O município de Feira de Santana foi criado pela Lei Provincial nº 1.320, de 16 de

junho de 1873, que se originou de uma fazenda da paróquia de São José das Itapororocas,

ligada ao município de Cachoeira, no estado da Bahia. A cidade está localizada na zona de

planície entre o recôncavo e o semiárido do nordeste do estado, distante da Capital –

Salvador, 107 km. O contexto educacional do município é marcado pela atuação das esferas

municipal, estadual e privada. As escolas da rede municipal funcionam em prédios que

oferecem ao mesmo tempo educação infantil, ensino fundamental e educação de jovens e

adultos (EJA), sendo poucas aquelas exclusivas de educação infantil – uma creche e 16 pré-

escolas (INEP, 2010).

Feira de Santana fez parte do primeiro grupo selecionado pela Seesp para ser polo do

Programa. Em 2003, recebeu uma carta-convite e aderiu à proposta, uma ação que o

constituiu com um dos multiplicadores no estado da Bahia junto com os municípios de

Salvador, Vitória da Conquista, Barreiras e Juazeiro.

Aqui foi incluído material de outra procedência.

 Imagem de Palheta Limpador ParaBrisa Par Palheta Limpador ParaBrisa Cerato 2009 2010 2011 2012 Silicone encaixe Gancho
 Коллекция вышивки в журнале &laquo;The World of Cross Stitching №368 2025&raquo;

De início, ficou responsável por mais 20 municípios que formavam sua área de

abrangência. Com a ampliação, determinada pelo Programa, chegou em 2010, com 54

municípios de abrangência. Em 2008, foi assinado um novo termo para continuidade do

convênio que deveria viger até 2010 (SEDUC, 2009).

Destaca-se ainda que, no contexto educacional de Feira de Santana, as políticas

públicas de educação especial antecedem ao Programa, o que possibilitou estabelecer nexos,

na pesquisa, entre este e a política municipal de educação especial.

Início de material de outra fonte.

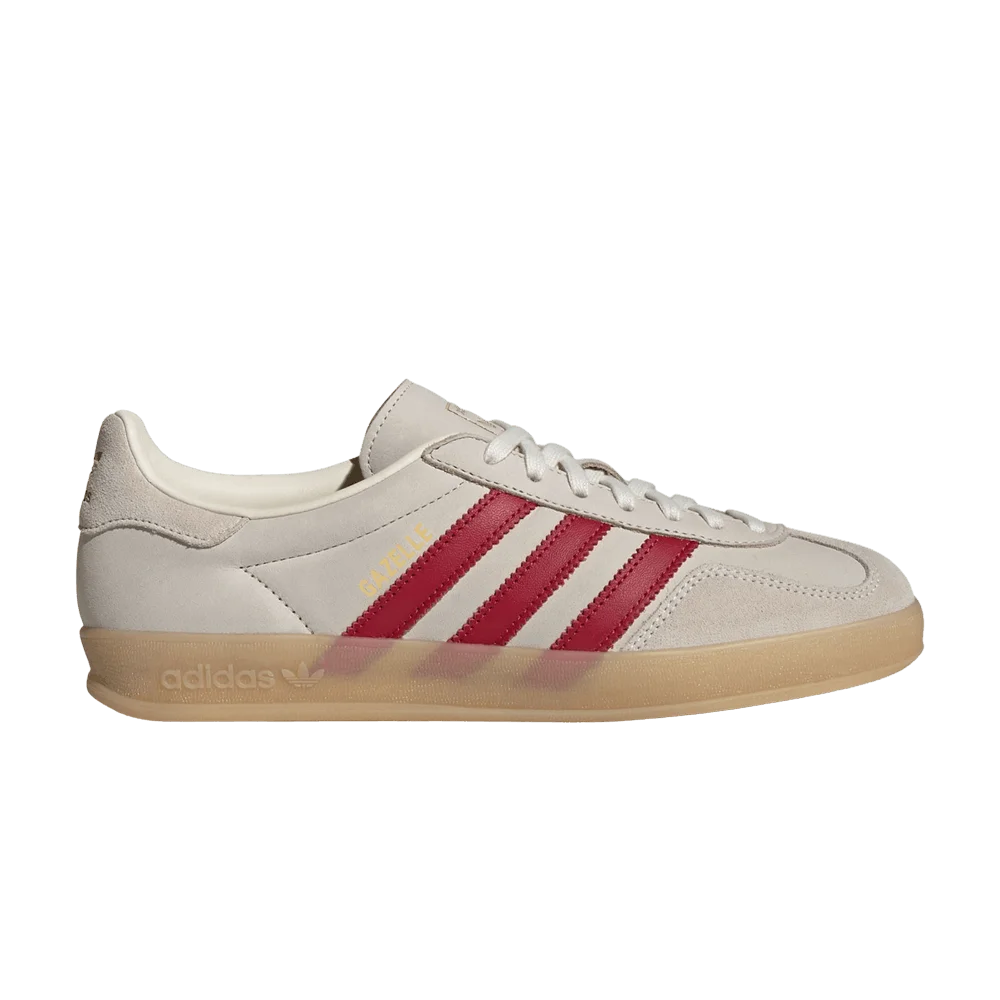 Кроссовки adidas Gazelle Indoor 'Cream White Team Victory Red Gum'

FEIRA DE SANTANA COMO ESPAÇO DE IMPLEMENTAÇÃO DO PROGRAMA EDUCAÇÃO INCLUSIVA: DIREITO À DIVERSIDADE

A implementação de uma política é sempre realizada com base nas referências que os

implementadores de fato adotam para desenvolvê-las; nessas circunstâncias, é possível que

algumas das especificações da política possam operar, no plano local, de forma diferente ao

que é proposto. A análise de uma política pública precisa levar em consideração o contexto no

qual se insere essa política, uma vez que, “[...] a diversidade de contextos de implementação

pode fazer com que uma mesma regulamentação produza impactos inteiramente diversos em

diferentes unidades da federação.” (ARRETCHE, 2001, p. 6).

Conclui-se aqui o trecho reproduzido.